The conference will be held April 24-25, 2014 on the campuses of the Graduate Theological Union and UC Berkeley. The highlight of the event will most certainly be the keynote roundtable discussion on Thursday evening at 6:30pm with Lois Ann Lorentzen of the University of San Francisco, Joy Moore of Fuller Theological Seminary, and Matthew Avery Sutton of Washington State University.
However, as a scholar of Pentecostalism, I am most excited about my own panel on “Pentecostalisms,” which are of course a major feature of California’s religious landscape. Matthew Cromwell of San Diego State University will be offering a paper on Aimee Semple McPherson’s use of religious language in affirming patriotism and the nation-state as well as her endorsement of the war effort leading up to America’s involvement in the Second World War. Melanie Johnson of the Graduate Theological Union will be exploring the mediatization of religion through the efforts of celebrity preachers, many of whom have Pentecostal/Charismatic backgrounds. And Caroline Harris of UCLA will examine the migration patterns and intersections of holiness and Pentecostal communities in Southern California, challenging preconceived ideas about the stark divisions between rural and urban, male and female, and black and white at the beginning of the twentieth century.
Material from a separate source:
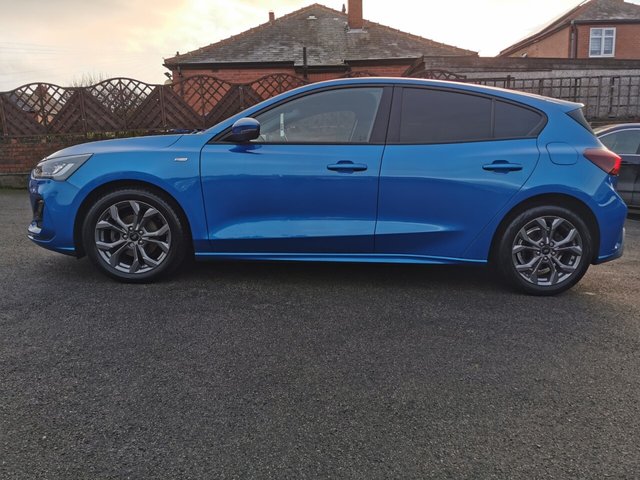 2022 FORD FOCUS - Photo 4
For my own contribution, I will be examining the origins of Pentecostalism in California through the revival meetings of the Apostolic Faith Mission at 312 Azusa Street. The Azusa revivals are often noted for their interracial character and religious innovations, like speaking in tongues. While some scholars have commented on the cosmopolitan nature of Los Angeles as laying a foundation for the interracial mixing that occurred at Azusa Street, my research has revealed that the revivals were met with frequent resistance by local media, other ministers, and even fellow Pentecostals. Newspaper reporters from the Los Angeles Times and other Los Angeles papers railed against the racial and gender mixing that occurred at the services, especially the intimate encounters between black men and white women. The local ministerial association in Los Angeles investigated the revivals, concluding that the enthusiasm and religious fervor was dangerous for participants. Even some white Pentecostals feared the negative publicity that was being garnered by the interracial revivals and attempted to take control away from the African-American leadership. Los Angeles was anything but a racial utopia, and the leaders of the revivals faced significant conflict in response to their efforts to create an interracial religious community.
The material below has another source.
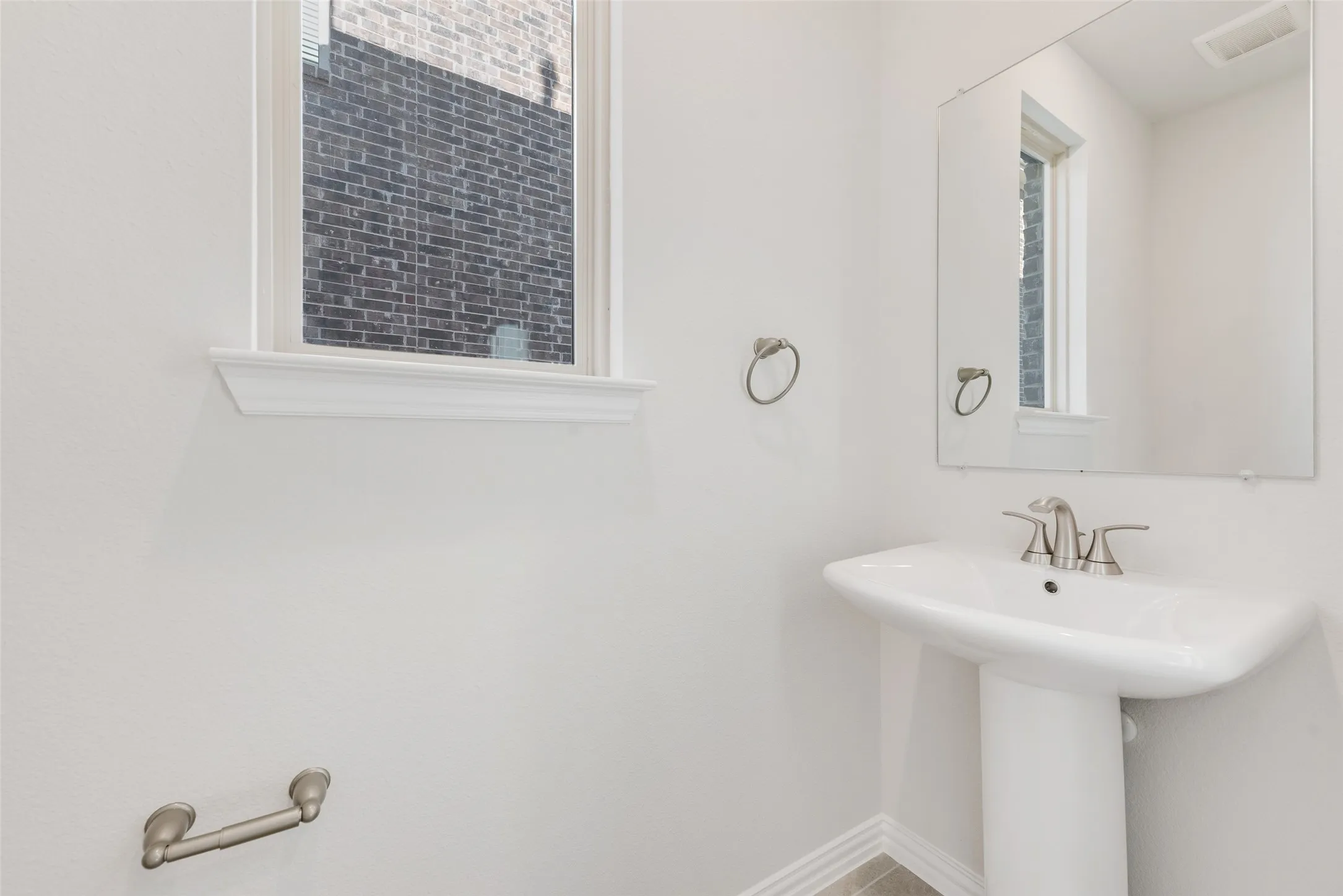 Single Family Residence For Sale in Kaufman County , 1120 Redcoat Drive, Forney, Texas 75126, 3 Bedroom, 3 Bathroom, 2 Garage spaces, 2,263 Sqft, built in 2025, New Construction - Complete, mls#20894886, Real Estate Agent in Forney, Homes For Sale in Kaufman county, Homes For Sale in Forney, Realtor in Forney Texas, Real Estate Brokerage Independent Realty Texas, Luminita Cordes Realtor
While significant attention has been paid to the conflicts over railroad cars, public parks, and other sites in the segregation of early twentieth century America, I believe that historians of American religion must also reflect on the role of religious groups in the resistance to and acceptance of racial segregation. Pentecostals are a perfect group for studying this phenomenon, and I look forward to sharing my research and gleaning insights from my fellow panelists and conference participants.
If you are interested and available, I hope that you will consider joining us as well.